This is my third summer with a Square Foot Garden. Every year has been full of hope and promise but devoid of results. The premise of the square foot gardens is that with a high-quality soil blend, you can grow a lot of produce in small areas. The soil is theoretically so rich and abundant that you don't even need deep gardens. So 2 years ago I put out a lot of money to create 3 square gardens that hold 16 square feet each and to make a really fabulous soil blend with vermiculite, peat moss, and a bajillion kinds of compost. Each year it's started out well, but the plants never really take off and thrive. This year, soil tests showed that my garden was completely devoid of essential nutrients, so I've been fertilizing organically, but my garden is still doing what it always does--not much.
Take for example the zucchinis. Two plants from the same batch, planted at the same time. The one on the left is in the square foot garden, and just very recently started growing a little. Despite its tiny size, it has bloomed, but I've seen this other years. The tiny plants can't grow a proper squash, so it will get to be a few inches then go soft and rotten on the vine, never reaching a proper size. The one on the right was planted in a container bag into planting soil that I bought for $9.99 at the gardening store. The one on the right is flourishing and I have confidence that those blossoms will actually bear fruit.
Similarly, I have 4 tomato plants in the square foot garden, and one in a container bag. The ones in the garden on the left are tiny, with a few odd blossoms. The one in the container is huge and has set fruit.
In past years, I've had promising potato plants, but the harvest always turns out to be about the same number of potatoes as I planted. So again, the potatoes have been put into bags. The plants started out in 4" of soil at the bottom of the bags, and bit by bit I've added enough soil until the bags are full.

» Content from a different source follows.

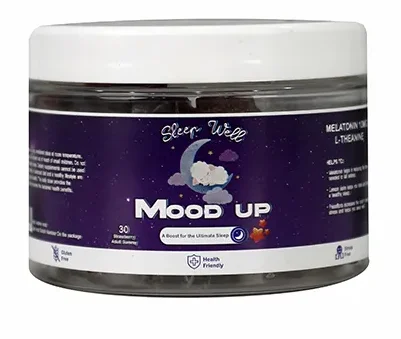حلاو منوم mood up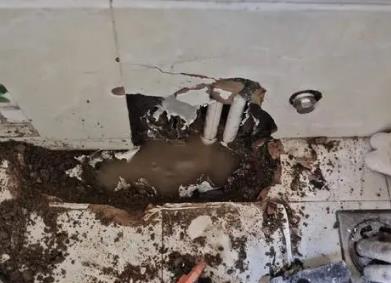 扎兰屯漏水检测电话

No guarantees that I'll get a bigger harvest this year, but I hope so.
The square foot garden that formerly held potatoes has now become my onion and carrot garden. The onions are flourishing but the carrots aren't. I hope that under those huge green onion tops are delicious and oniony onions, but considering how my potato plants looked great but had not much under the soil, I'm not confident.
Conclusion: These shallow square feet gardens aren't as effective as the book promised. It's just not as easy as they say to get soil that's so fabulous it can grow good plants in tiny spaces. If I total up the cost of the building materials, the soil, and then all the fertilizers, composts, and worm castings I've purchased to try to get something to grow, it's embarrassing. It makes gardening look like a casual pursuit of the wealthy and privileged, rather than a frugal way to expand one's food budget. Sure, a lovely homegrown tomato is priceless, but I don't have limitless money to throw away on trying to grow one. I could have bought bushels of fabulous produce every summer at the farmer's market for a lot less money.
2 comments:
I feel your pain! Gardening can be an expensive thing, unfortunately. We keep a deck garden of containers - tomatoes, herbs, cukes, and for the first time this year, peppers. We learn something new every year - but I think each yard is its own climatic zone and a lot relies on trial and error. We grow garlic by the roses down in the back yard, but we don't bother with veggies down there because we simply have too much shade. I feel badly about not growing a tonne of my own food, but the truth is, someone has to support the local farmstands :)
Reading this makes me so glad that I didn't make the square foot garden that I wanted to last year!